• **Given data**:
•••••
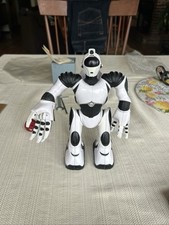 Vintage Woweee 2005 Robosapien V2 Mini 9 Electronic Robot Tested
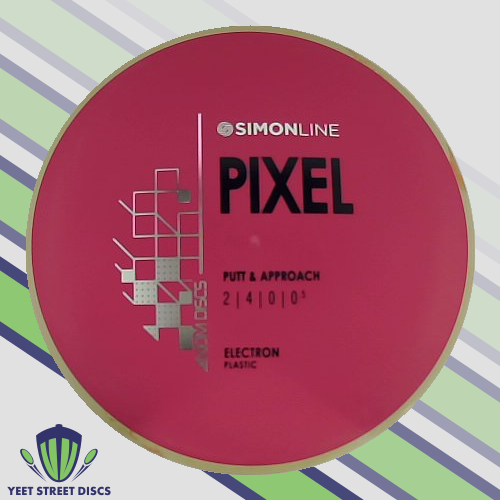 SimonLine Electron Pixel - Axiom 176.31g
•••••
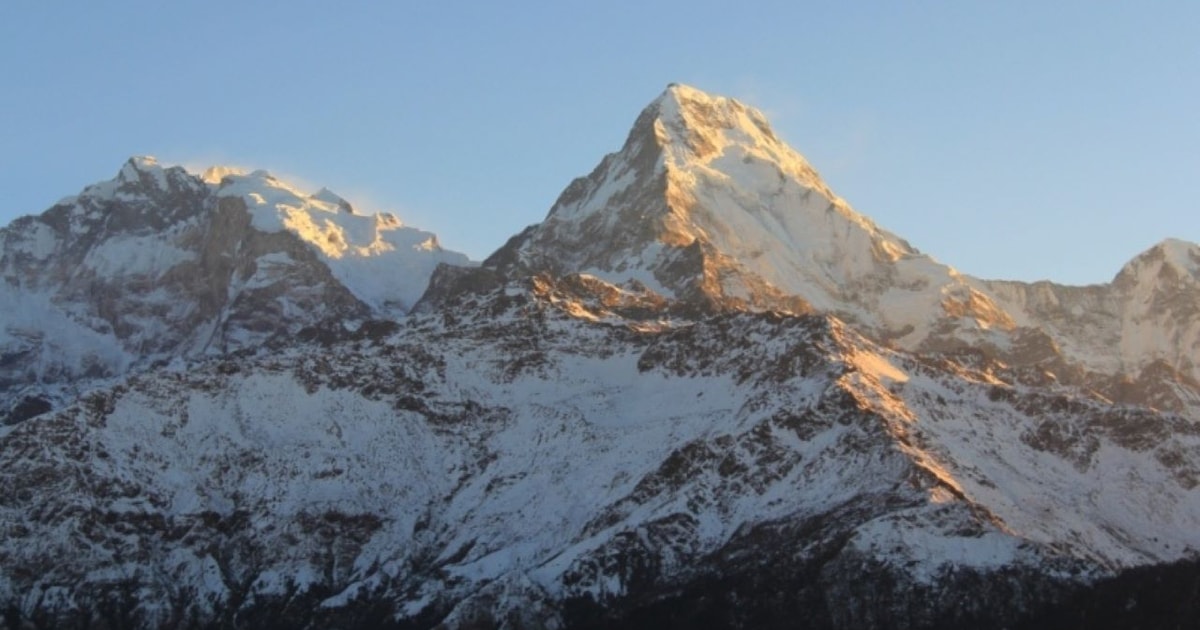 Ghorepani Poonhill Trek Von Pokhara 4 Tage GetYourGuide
•••••
• **To do**: In the listing above, the required lines run from the line with "Vintage Woweee 2005" through the line with "SimonLine Electron Pixel - Axiom 176.31g". Output exactly those lines, omitting pictures.

• **Solution to the problem**:
 Vintage Woweee 2005 Robosapien V2 Mini 9 Electronic Robot Tested
 SimonLine Electron Pixel - Axiom 176.31g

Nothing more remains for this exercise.